-- Opening Marker --

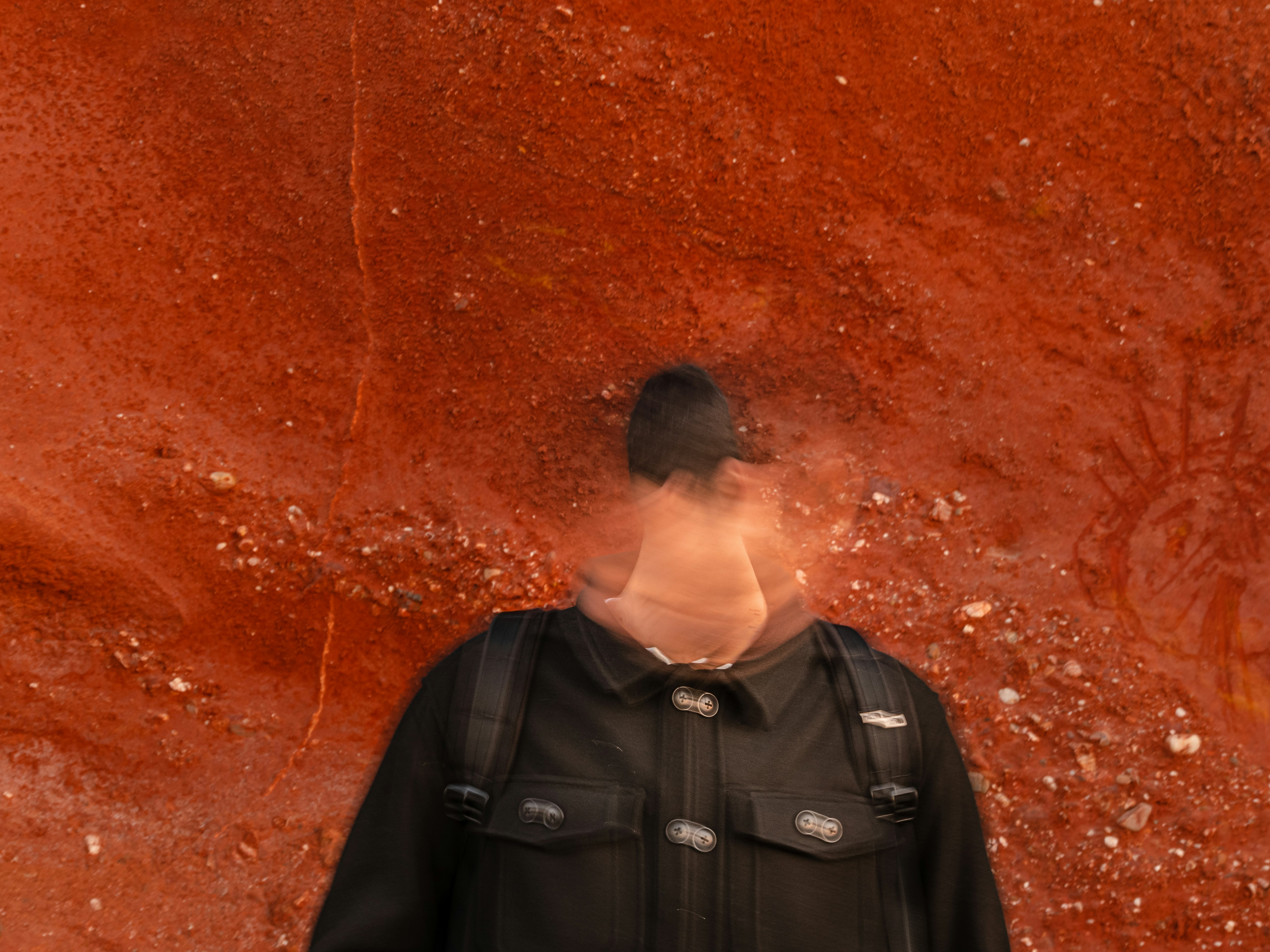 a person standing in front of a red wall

-- Closing Marker --
-- Opening Marker --

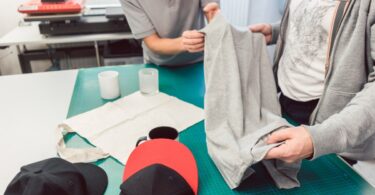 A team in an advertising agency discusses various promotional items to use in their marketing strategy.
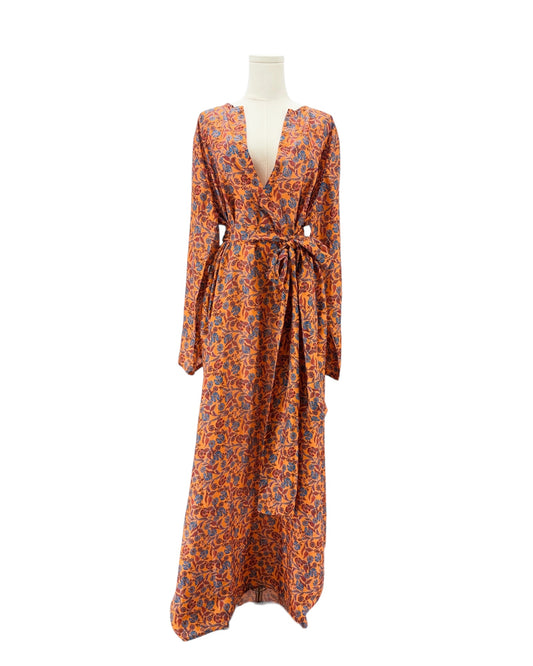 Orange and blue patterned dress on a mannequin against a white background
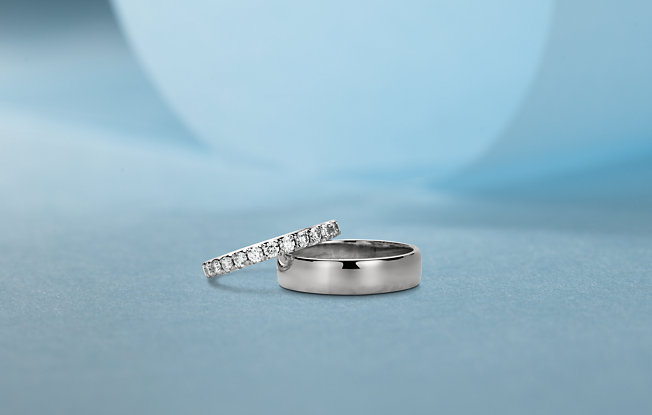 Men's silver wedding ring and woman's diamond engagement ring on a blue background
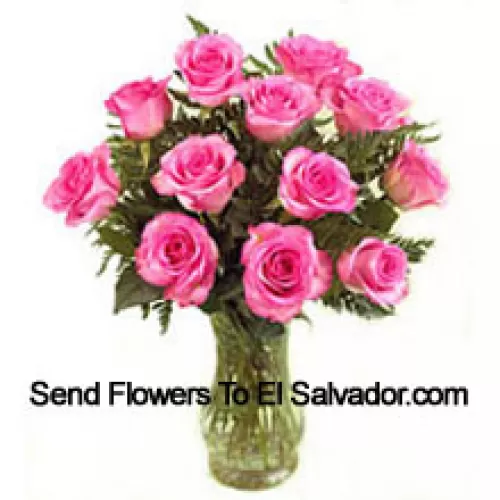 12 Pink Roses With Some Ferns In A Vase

-- Closing Marker --
-- Opening Marker --

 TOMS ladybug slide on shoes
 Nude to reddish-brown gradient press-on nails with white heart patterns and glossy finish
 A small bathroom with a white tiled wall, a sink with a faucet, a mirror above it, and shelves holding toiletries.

-- Closing Marker --

Beginning at the line with "Nude to reddish-brown" and stopping after the line with "A small bathroom", please write out every line of the data above exactly and nothing else.

 Nude to reddish-brown gradient press-on nails with white heart patterns and glossy finish
 A small bathroom with a white tiled wall, a sink with a faucet, a mirror above it, and shelves holding toiletries.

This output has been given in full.